Antoine Dole... avec sa façon bien à lui d’écrire (des phrases courtes, percutantes), sa façon d’aborder des thèmes difficiles (le deuil, la dépression, le suicide,...)... Il nous livre ici, comme à son habitude, un texte à fleur de peau qui plonge au plus profond du mal-être et nous y installe pour nous faire comprendre toute la difficulté à y faire face et en sortir.
Dans Six pieds sur terre, Antoine Dole décortique également l’histoire d’amour à deux vitesses d’un couple dont les passés respectifs les attirent autant qu’ils les éloignent. C’est extrêmement juste (comme toujours avec l’auteur) et c’est extrêmement émouvant.
Le roman alterne entre Jérémy et Camille. L'un plonge, et l'autre tente de maintenir le cap. On sent la pression qui s'intensifie au fur et à mesure qu'on avance dans le récit. Un drame semble se profiler. Lequel ? Les trente dernières pages, je les ai lues dans la douleur et sous tension. J’avais vraiment peur du dénouement. J’ai même dû faire une pause.
Avant tout cela, l’auteur nous entraîne dans les pensées les plus sombres de Jérémy, jeune homme qui s’est construit ou plutôt déconstruit sur un drame (la perte de sa mère et le mensonge autour) qui l’empêche aujourd’hui d’être heureux (peut-on l’être pleinement?), de s’épanouir dans son couple et parfois même juste de mettre un pied devant l'autre.
Malgré tout, il entretient une relation amoureuse. Enfin, c’est peut-être plutôt Camille qui l’entretient pour eux deux. Jérémy ne sait plus trop parfois. Il est trop malheureux pour rendre quelqu’un d’autre heureux.

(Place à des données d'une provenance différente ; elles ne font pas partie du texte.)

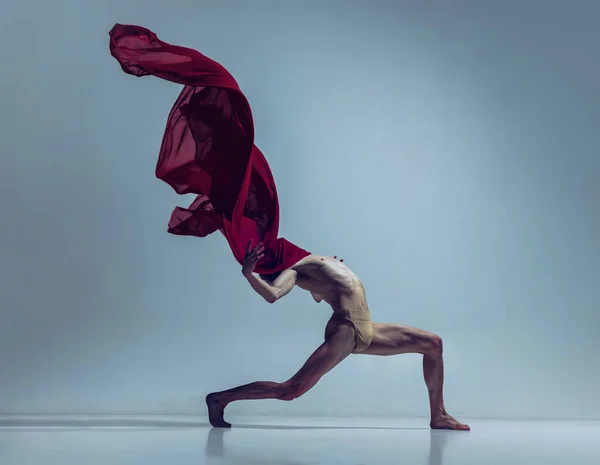 Ritratto di giovane, ballerino flessibile in azione con tessuto rosso, tessuto isolato su fondo navy studio. Grace, arte, concetto di bellezza. — Foto Stock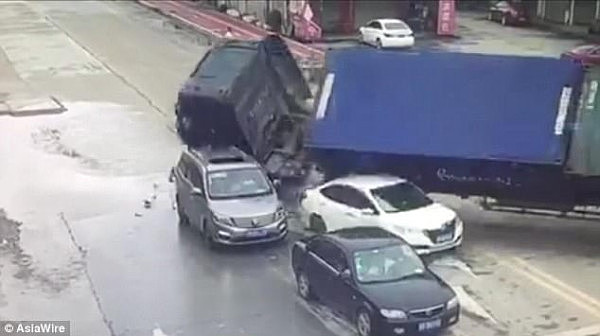 惊魂一刻！中国东莞超载大货车突然失控侧翻 两辆小车瞬间被夷平（视频） - 2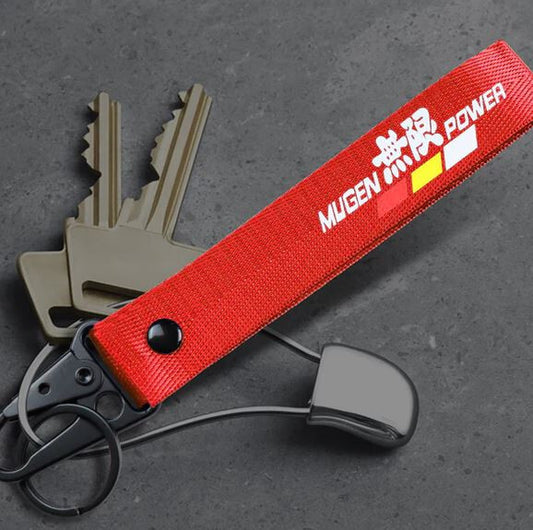 Car keychain metal key ring badge lanyard red Mugan suitable for Nissan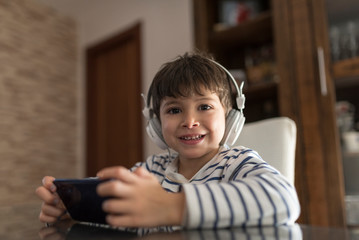 boy at home looking at the phone with headphones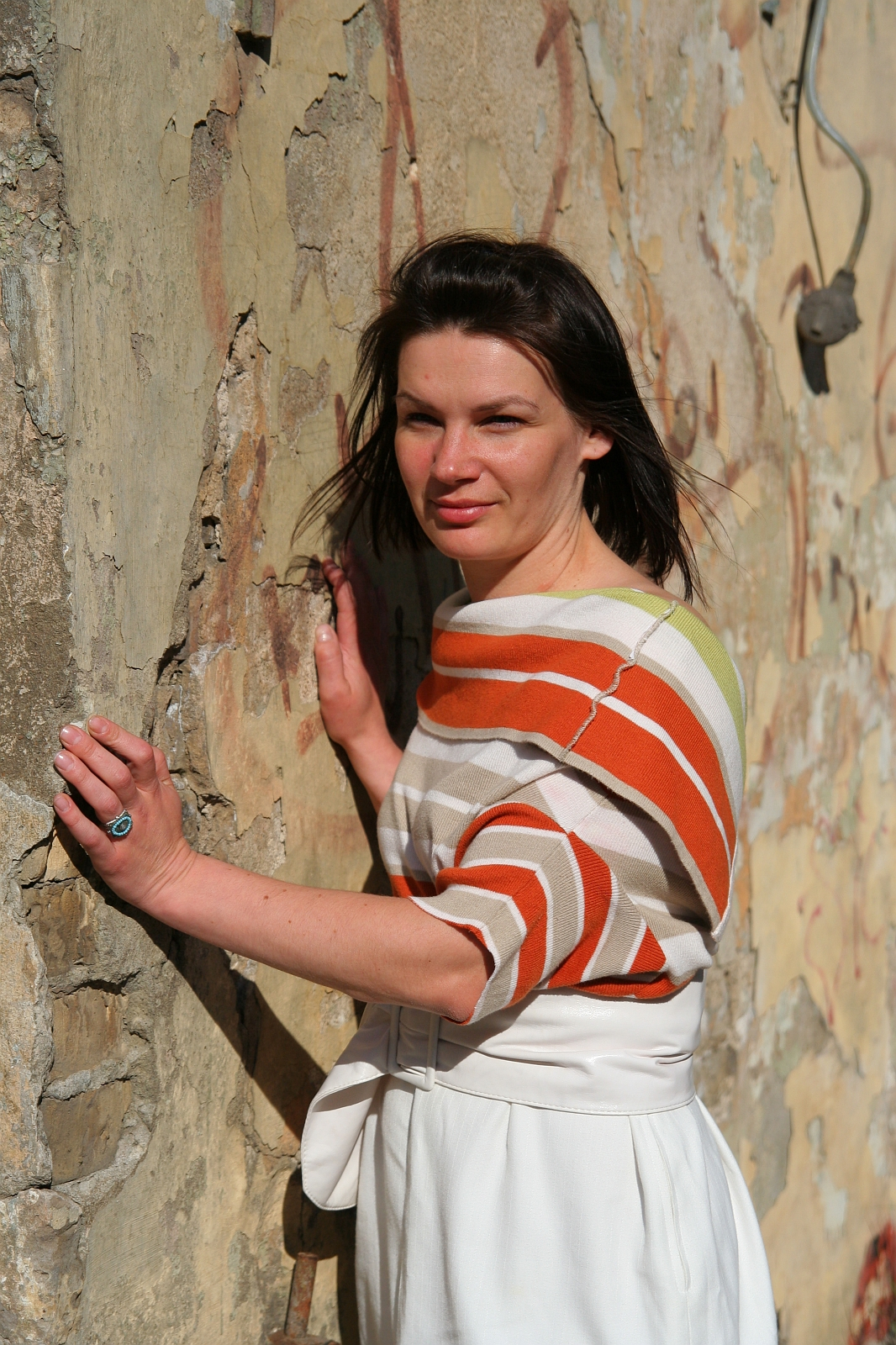 A woman with straight, dark hair poses against a weathered, textured wall with peeling paint. She wears an orange and white striped top and a white skirt, her left hand resting on the wall. Gazing directly at the camera in bright, natural sunlight, she embodies a modern mode talka vibe.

Camille, elle, a grandi auprès d’une mère qui n’en était pas vraiment une. Une femme qui l’a étouffée autant qu’aimée. Mais Camille, à l’inverse de Jérémy, a décidé d’aller vers la lumière. Elle est un soleil Camille. Alors que Jérémy est l’ombre qui le surplombe.
Sur le plafond de leur appartement, une tâche d’humidité est apparue. Jérémy l’observe et l’assimile au mal-être qu’il vit au jour le jour. Cette tâche d’abord petite, va s’étendre comme les idées noires de Jérémy qui vont être amplifiées par une annonce inattendue. Camille et Jérémy feront-ils face ensemble ou séparément?
Antoine Dole écrit donc aujourd’hui son premier livre en “littérature générale”. Pour être honnête, je lisais déjà l’auteur pour ses romans ados (que j’aime beaucoup mais dont je n’ai pas beaucoup parlé par ici finalement à part le très beau Ueno Park) donc j’ai lu Six pieds sur terre sans me poser de questions. Et je l’ai aimé, sans m’en poser beaucoup plus.
C’est un très beau roman. Très difficile aussi car il appuie là où ça fait mal, posant des questions qui nous ont tous et toutes effleurés, touchés même de près ou de loin, quel que soit notre passé, nos drames personnels. C’est difficile de vivre parfois.
“C’est vivre qui nous tue, oui.
C’est vivre qui nous tue.
Parce qu’on souffre et elle s’en fout, cette vie, que l’on s’accroche ou non.”
Mais tout n’est pas noir, non. Il y a un peu de lumière dans ce roman. Timide. Mais précieuse.
C’est un roman humain, sensible, douloureux et libérateur aussi.
C’est un très grand roman de cette rentrée littéraire.
#PourQui?
Pour ceux et celles qui oscillent entre l’ombre et la lumière.
Pour ceux et celles qui cherchent une histoire d’amour douloureuse mais vraie.
Pour ceux et celles qui n’ont pas peur de verser quelques larmes.
Et cette fois-ci, ce n’est pas un roman pour les enfants.